[Collected data]
========================================================================

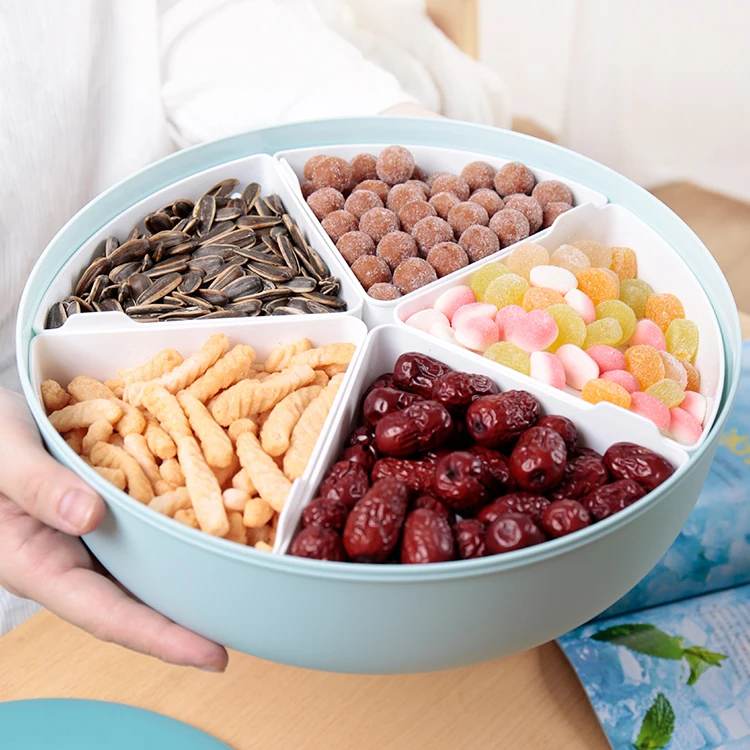 Высококачественный Контейнер для сладостей пищевого класса с 5 отделениями, лоток для орехов, пластиковые лотки для закусок, конфет, сухофруктов с крышкой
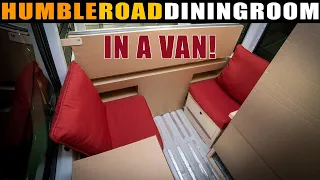 Dining in a Sprinter van. Hidden bed. See the cardboard test floor plan!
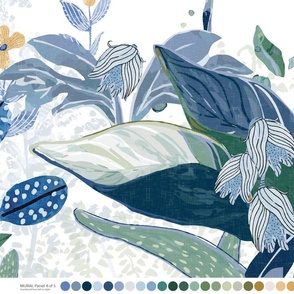 Giant Flora Mural (4 of 5 Panels) in Navy, Cornflower Blue and Botanical Green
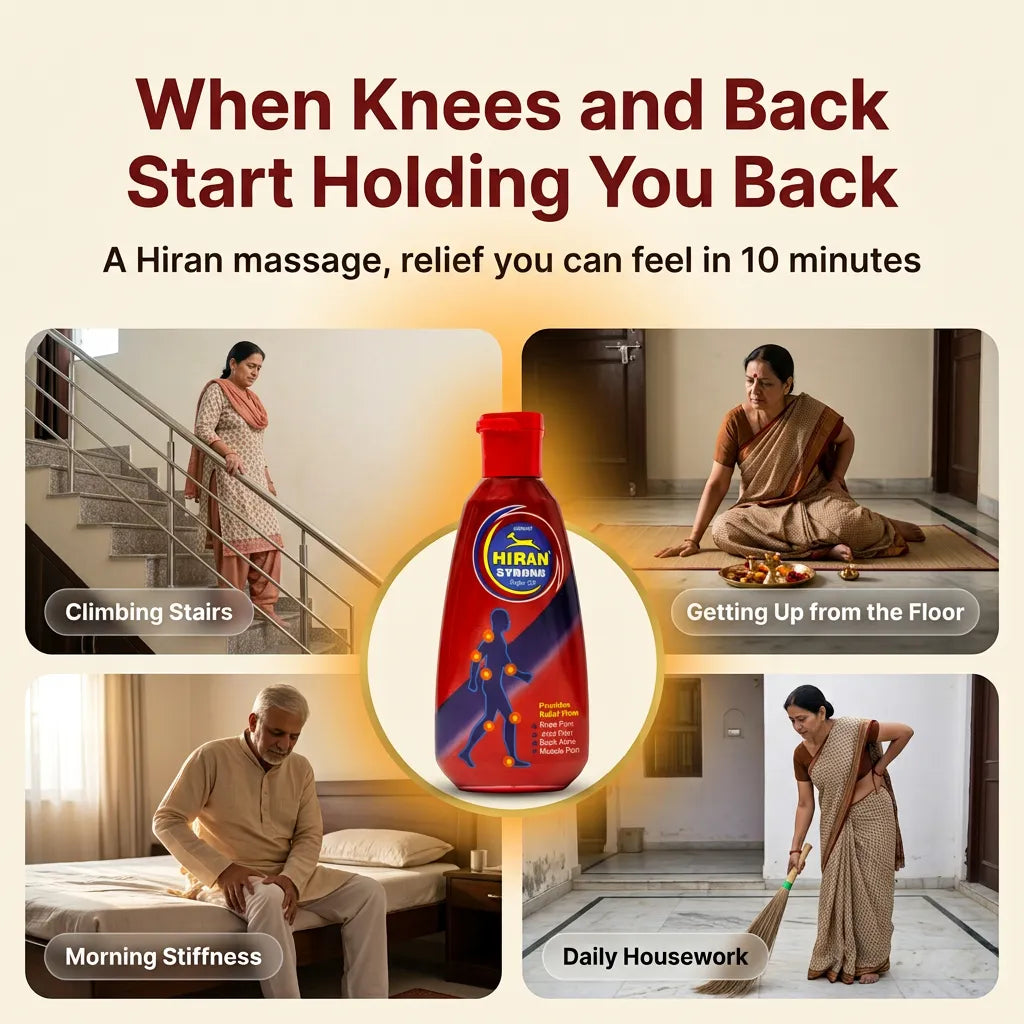 Indian elders with knee and back pain while climbing stairs, getting up from the floor, morning stiffness and housework, with Hiran Pain Oil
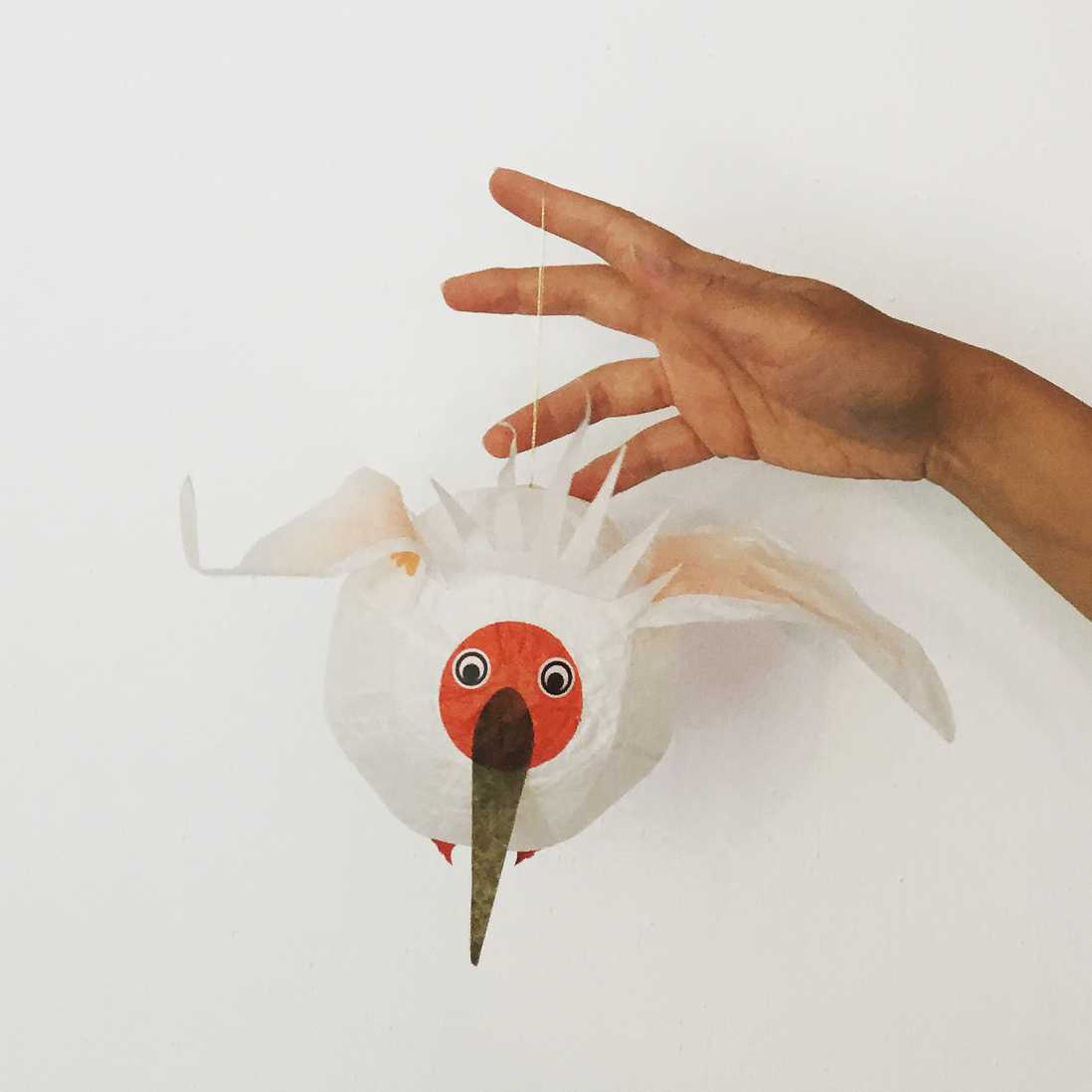 japanischer Papier Ballon weisser Vogel - Image 4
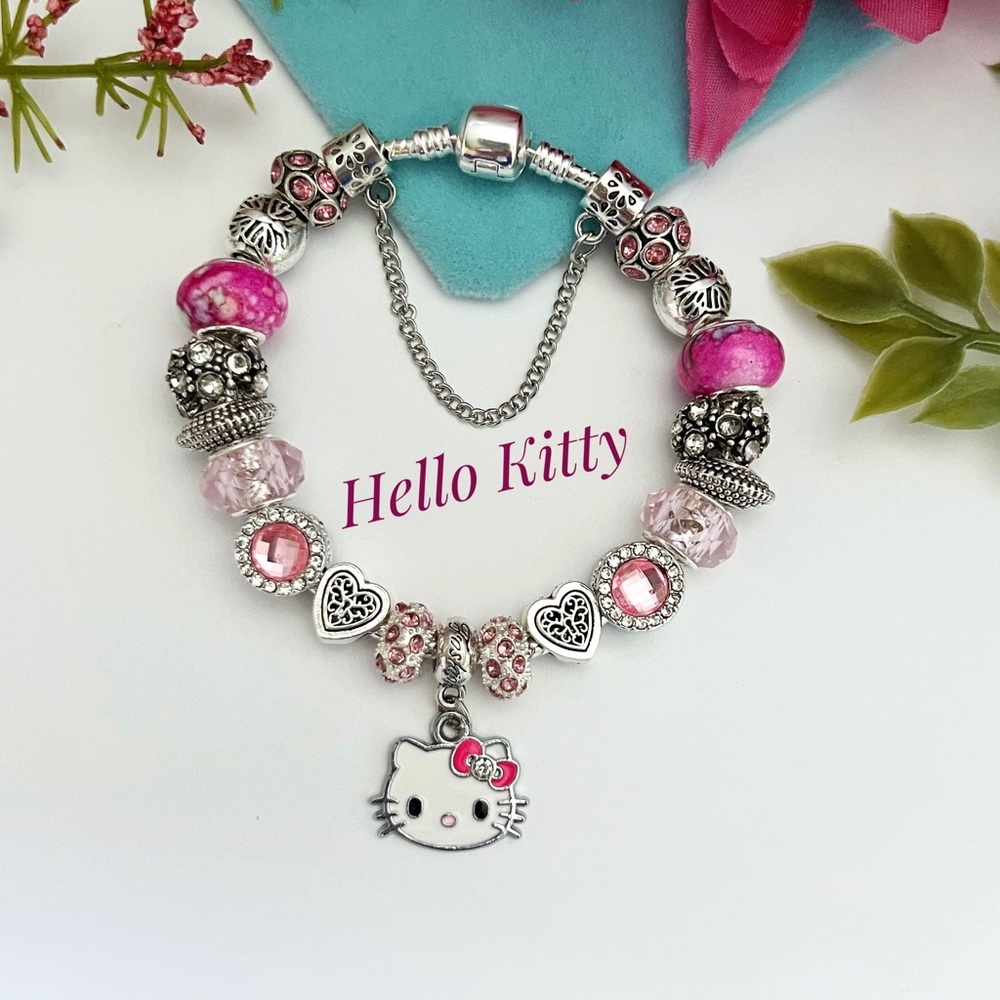 Hello Kitty 925 Sterling Silver Charm Bracelet NEW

========================================================================

→ WHAT IS REQUIRED
What do the entries above read from the line containing "Giant Flora Mural" through the line containing "japanischer Papier Ballon"? Output those lines exactly, both ends included, with the pictures left out.

→ ANSWER
 Giant Flora Mural (4 of 5 Panels) in Navy, Cornflower Blue and Botanical Green
 Indian elders with knee and back pain while climbing stairs, getting up from the floor, morning stiffness and housework, with Hiran Pain Oil
 japanischer Papier Ballon weisser Vogel - Image 4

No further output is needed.